Em 1996, Yasuo Hamanaka ganhou a alcunha “Mr. Copper” depois de ter, ao longo de mais de uma década, comprado um milhão de toneladas de cobre para manter os preços em alta. Chegou a ter nas mãos 5% da produção anual global de cobre. Para isso, usou fundos da firma para a qual trabalhava, a Sumitomo Corporation, sem reportar essa negociação e fazendo avolumar os prejuízos que, segundo o The Telegraph, ascenderam a 2,6 mil milhões de dólares. Confessou o crime e passou oito anos na cadeia.

Há mais casos. E mais antigos. Na década de 1860, Jay Gould e James Fisk tentaram “encurralar” o mercado de ouro em Nova Iorque.
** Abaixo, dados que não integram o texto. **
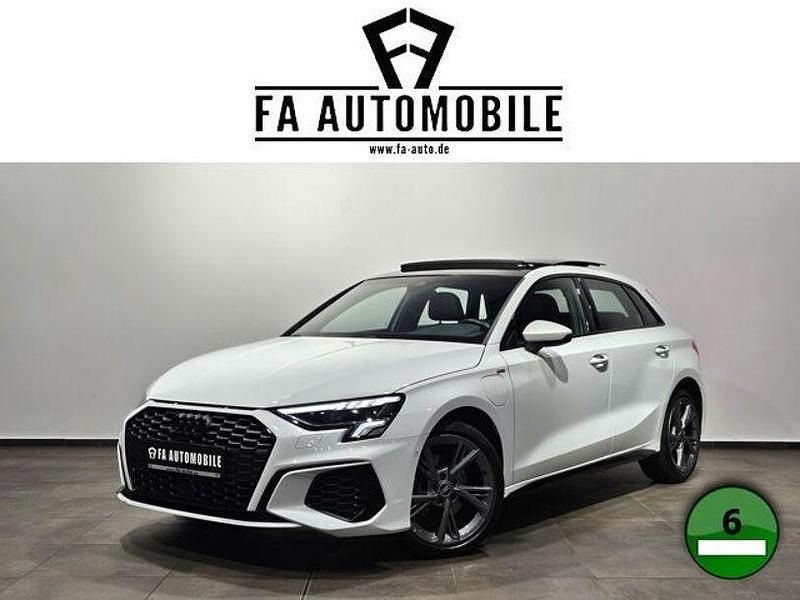 Andere Gebraucht 2023 Audi A3 e-tron Ambiente Kleinwagen | 29.490 € (Fairer Preis) - Bild 1/4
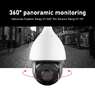 IP камера поворотная IP-PAi518iR80SDP (5,35-96,3mm) 5МП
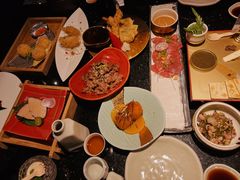 -上井料理黑金店(IFS国金中心店)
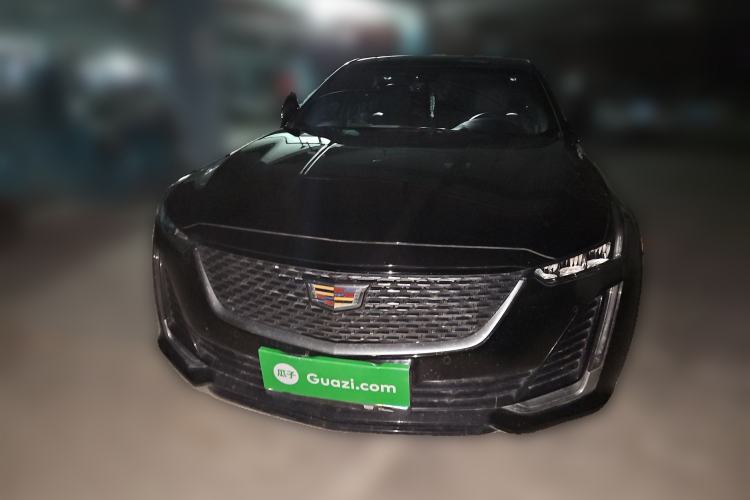 Used Cadillac CT5 2022 28T Luxury Version (Standard Edition)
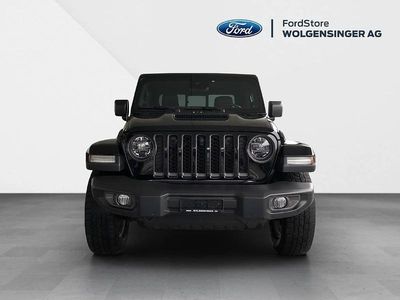 Gebraucht Jeep Gladiator Overland 264 PS (194 kW) 2021 Abholung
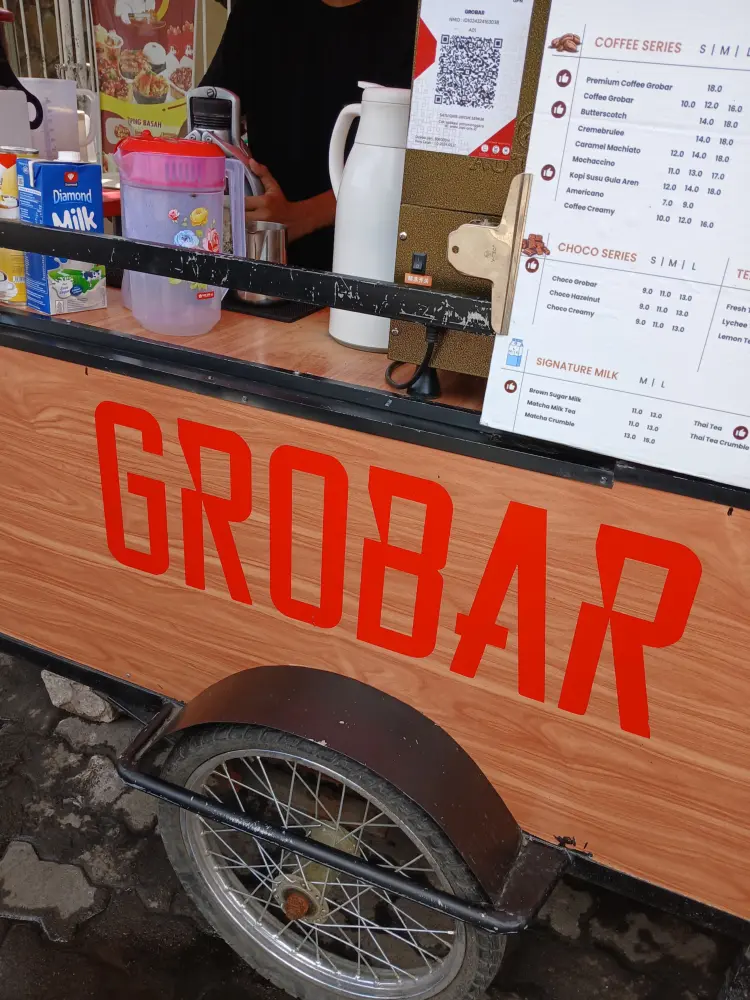 GROBAR Kopi 4
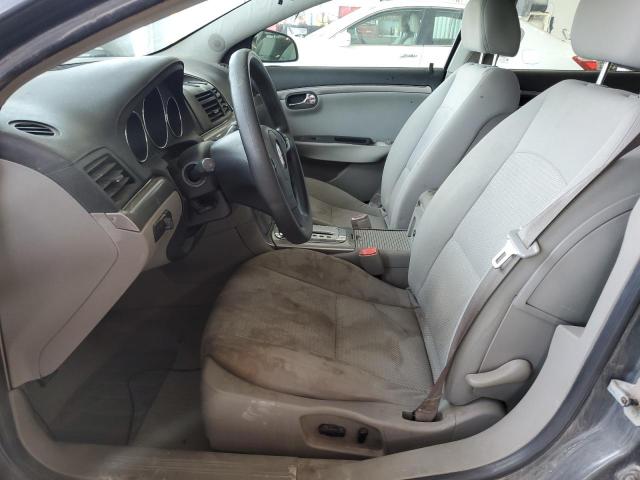 Photo 7 from auction – 2007 SATURN AURA XE with VIN 1G8ZS57N07F286966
Quando soube do plano, o Presidente Ulysses Grant autorizou o Tesouro a despejar um pouco de ouro no mercado, o suficiente para “encurralar” Jay Gould e James Fisk na sua tentativa de fazer os preços subirem. Mais de cem anos depois, um outro duo de especuladores – Nelson Bunker Hunt e o seu irmão William Herbert Hunt – tentaram “encurralar” o mercado da prata, e conseguiram, em 1979, fazer os preços subirem de seis dólares por onça para quase 50 dólares por onça. O investimento era altamente alavancado (potenciado através de dívida) e quando os preços inverteram, caíram mais de 50% em quatro dias, lançando o pânico nos mercados. Após um longo processo judicial, os irmãos reconheceram que tentaram “encurralar” o mercado, pagaram uma multa e ficaram proibidos de alguma vez mais intervirem no mercado de matérias-primas.
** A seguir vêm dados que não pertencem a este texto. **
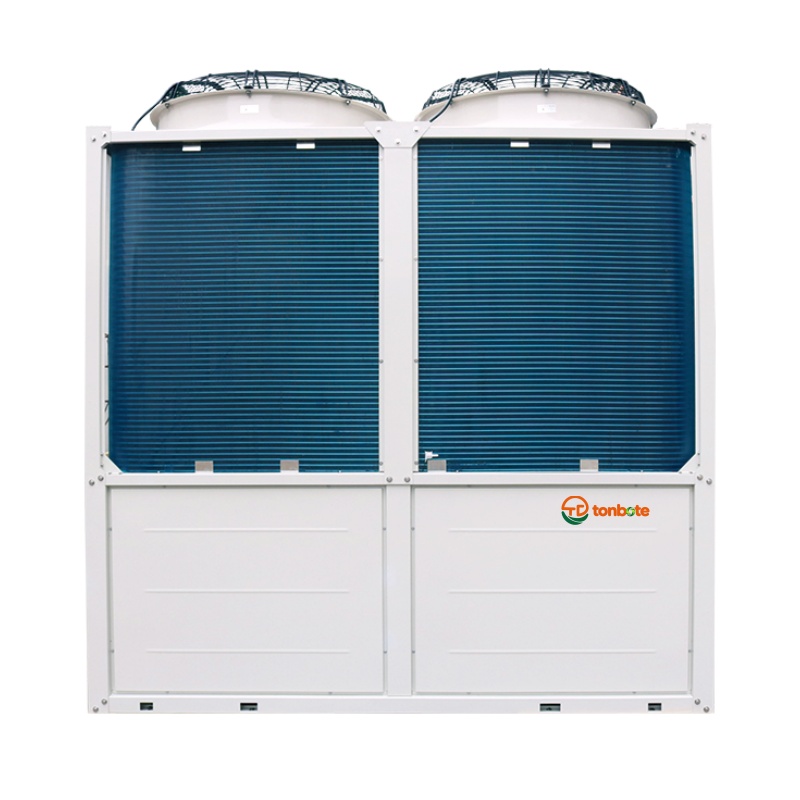 Aedificationem Viridis Hotels ac plene exsequendam Dual-fonte Caloris Pumps Aedificationem Viridis Hotels ac plene exsequendam Dual-fonte Caloris Pumps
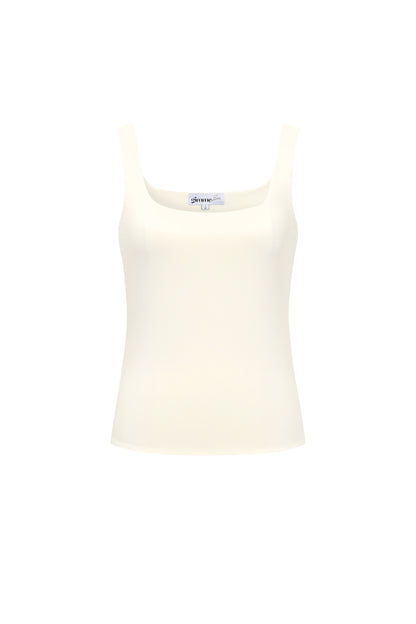 Mouwloze top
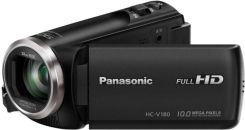 Panasonic HC-V180EG-K recenzja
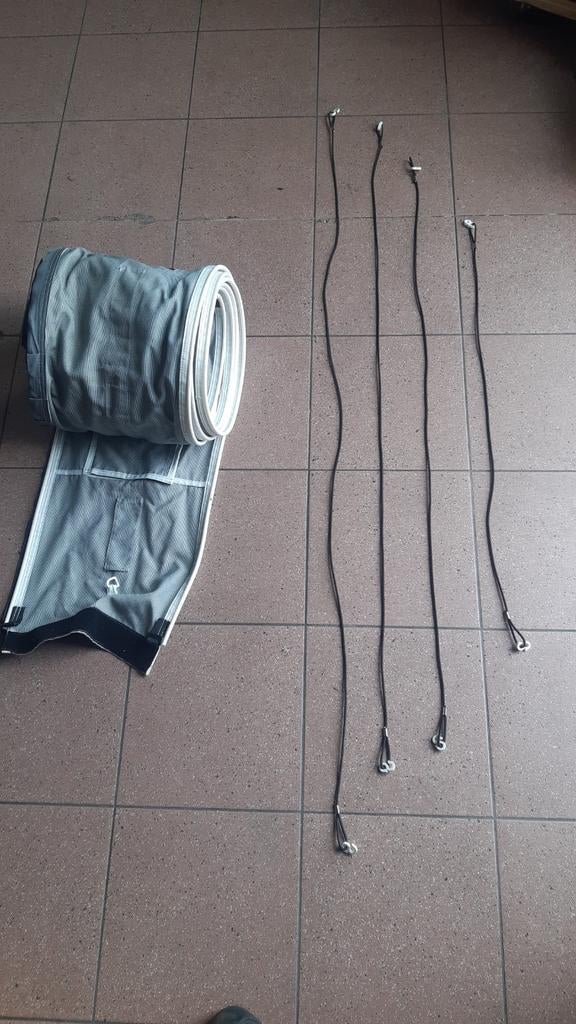 Hefdaktentdoek Kip Kompakt EKV 2003-2008. Perfecte staat., Ophalen of Verzenden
Anthony Ward não foi o único a tentar aproveitar a vulnerabilidade dos mercados de matérias-primas. Uma vulnerabilidade que ainda nesta semana foi apontada pelo Senado norte-americano e que permite que grandes bancos ganhem uma influência perigosa nos mercados de mercadorias – perigosas para os próprios mercados e para a estabilidade do sistema financeiro.

Anthony Ward, que não teve quaisquer problemas com a lei, continua atento ao mercado e a gerir um fundo de investimento especializado em cacau e café, o CC+ da Armajaro. Apesar de ter sido escaldado pela investida mal-sucedida, é provável que continue a acreditar que estes mercados tenham potencial para continuar a subir. “A população global está a crescer a um ritmo muito rápido, os produtos alimentares e também a água são bens que irão escassear no futuro“, dizia “Chocfinger” em 2009.
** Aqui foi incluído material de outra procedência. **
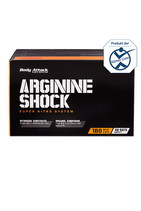 Arginine Shock 60 Caps - Body Attack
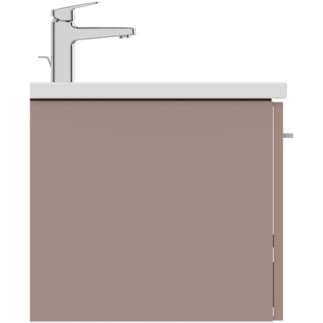 IDEAL STANDARD i.life B toaletní skříňka 1000x505 mm, s 1 výsuvným mechanismem Soft-Close #T5275NH - Greige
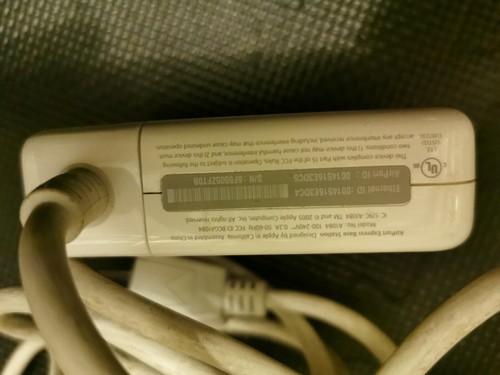 APPLE AIRPORT EXPRESS BASE STATION A1084 - 第 4/4 張圖片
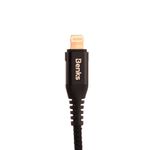 Benks-D26-Chidian-Cablu-Lightning-1.8m-Negru---7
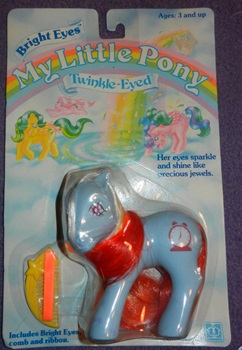 MOC Bright Eyes, USA
          1987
Como o Observador escreveu na segunda-feira, o mercado de cacau está em grande desequilíbrio, com um défice de produção que caminha para os níveis mais negativos dos últimos 50 anos. Os produtores de cacau não estão a conseguir acompanhar o aumento do consumo mundial de chocolate, sobretudo perante a subida da procura pela matéria-prima na Ásia e nos mercados emergentes, e os preços estão a subir cerca de 25% este ano nos mercados internacionais. Estará “Chocfinger” tentado a fazer uma nova investida?